Arlington Won't Name a Street for MLK, But Says New Sign Toppers Honor His "Can-Do Legacy"

Arlington Won't Name a Street for MLK, But Says New Sign Toppers Honor His "Can-Do Legacy"

Naming a street for Martin Luther King Jr. is perhaps the easiest way a city can express its approval of the civil rights movement. Aside from whatever pittance is required to update maps and street signs, it's completely painless, particularly since it doesn't require any actual effort to address stubborn residential segregation or racial gaps in income, education or geography.

For Arlington, though, that's a bridge too far. So, instead of devoting an entire roadway to the nation's preeminent civil rights icon, they're honoring his legacy with 16 tasteful sign toppers.

City leaders are celebrating the sign toppers as a major accomplishment. Mayor Robert Cluck is proud that they will be placed along Center Street, "the center of our community."

Arlington City Councilman Michael Glaspie told the Fort Worth Star-Telegram, "It gives us the chance to honor a great person who changed our lives." The placement of the sign toppers "speaks to King's can-do legacy."

The Arlington branch of the NAACP isn't so sure.

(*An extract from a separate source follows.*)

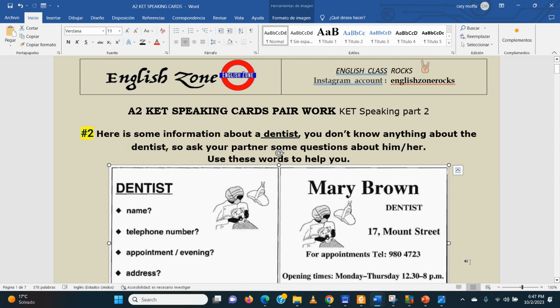This is a practice exercise for CAT or A2 level. Here we've got some speaking cards and there is a pair work. So each student will receive one card — student A, student B — and we have to make a dialogue. So this would be part two of the speaking test.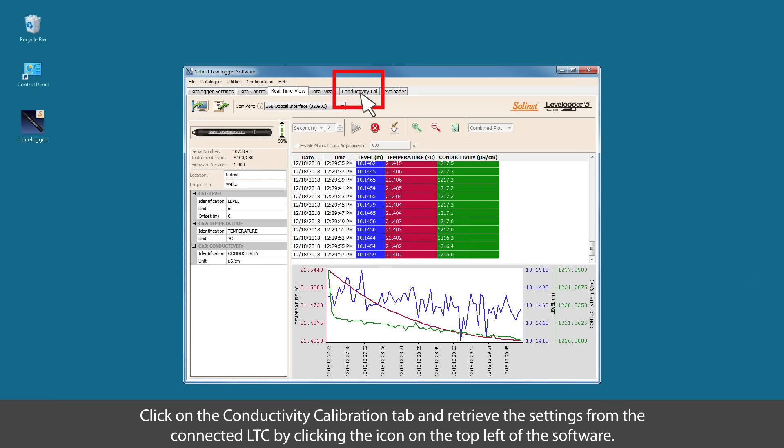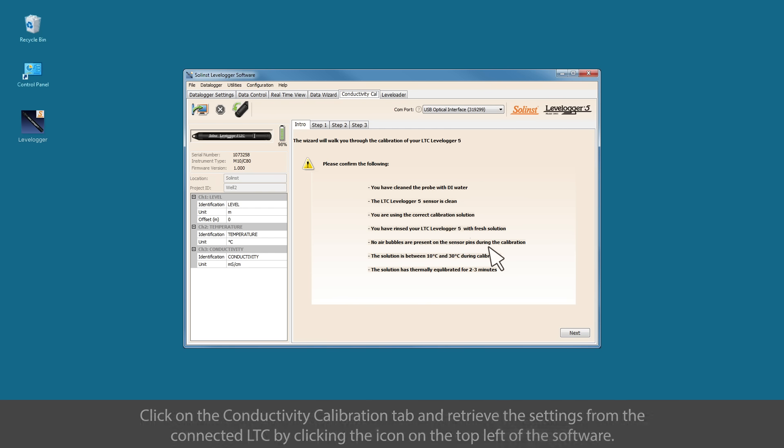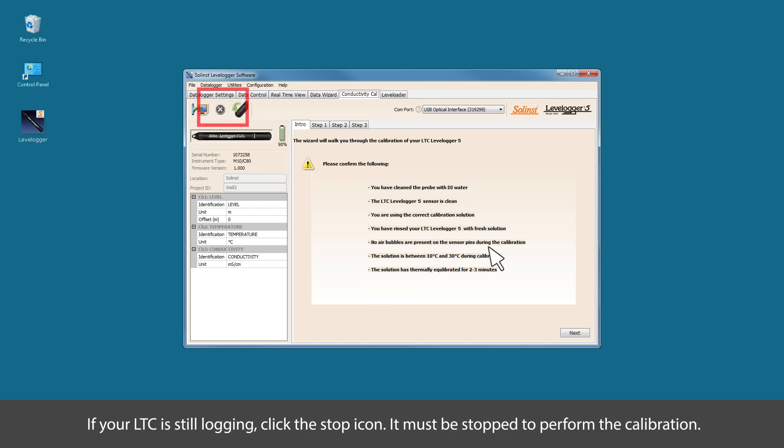Click on the conductivity calibration tab and retrieve the settings from the connected LTC by clicking the icon in the top left of the software. If your LTC is still logging, click the stop icon. It must be stopped to perform calibration.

For several years, it has been pushing for a street to be named for MLK. In 2012, the branch was rebuffed in its attempt to rechristen Division Street, by property owners reluctant to change signs and business cards.

Maybe Division Street wasn't the right spot, but those pushing for an MLK street in Arlington make a compelling argument. In a town with a Nolan Ryan Expressway and a Tom Landry Freeway, shouldn't there enough asphalt for a King?